**Work required**
What you copy should be the lines from the one with "Altın Dekoratif İnci Mum 1KG - 1" through the end of the entries, word for word. Omit the pictures.

**Data for the task**
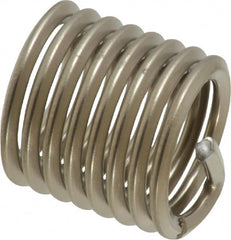 Recoil - 1/2-13 UNC, 3/4" OAL, Free Running Helical Insert - 7-7/8 Free Coils, Tanged, Stainless Steel, 1-1/2D Insert Length - Exact Tooling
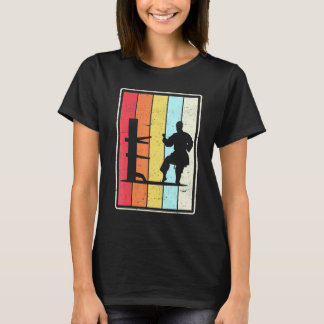 Camiseta Clásico Wing Chun Kung Fu Marcial Retro Arte Antig
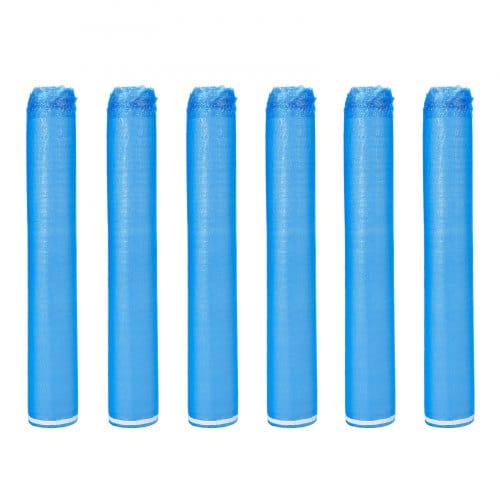 VEVOR Trittschalldämmung, 55,8 m², 3-in-1 2 mm dicke Dämmungunterlage mit Klebeband & Dampfsperre, EPE-Schaum mit blauem PE, Schalldämmung & Geräuschreduzierung, für Laminat-Holzböden, 6 Stk.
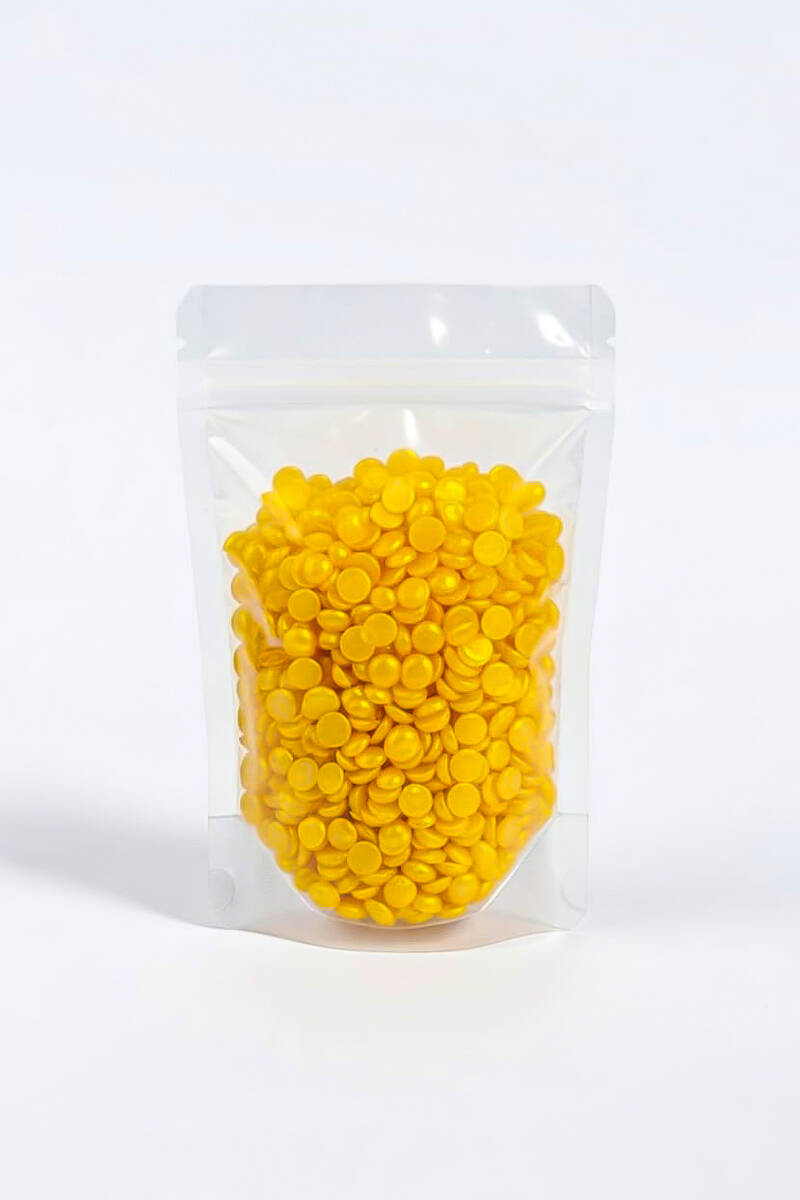 Altın Dekoratif İnci Mum 1KG - 1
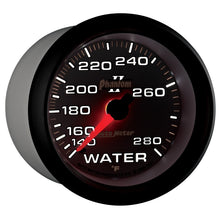画像をギャラリービューアに読み込む, Autometer Phantom II 2-5/8in 140-280 Degree F Mechanical Water Gauge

**Solution for this exercise**
 Altın Dekoratif İnci Mum 1KG - 1
画像をギャラリービューアに読み込む, Autometer Phantom II 2-5/8in 140-280 Degree F Mechanical Water Gauge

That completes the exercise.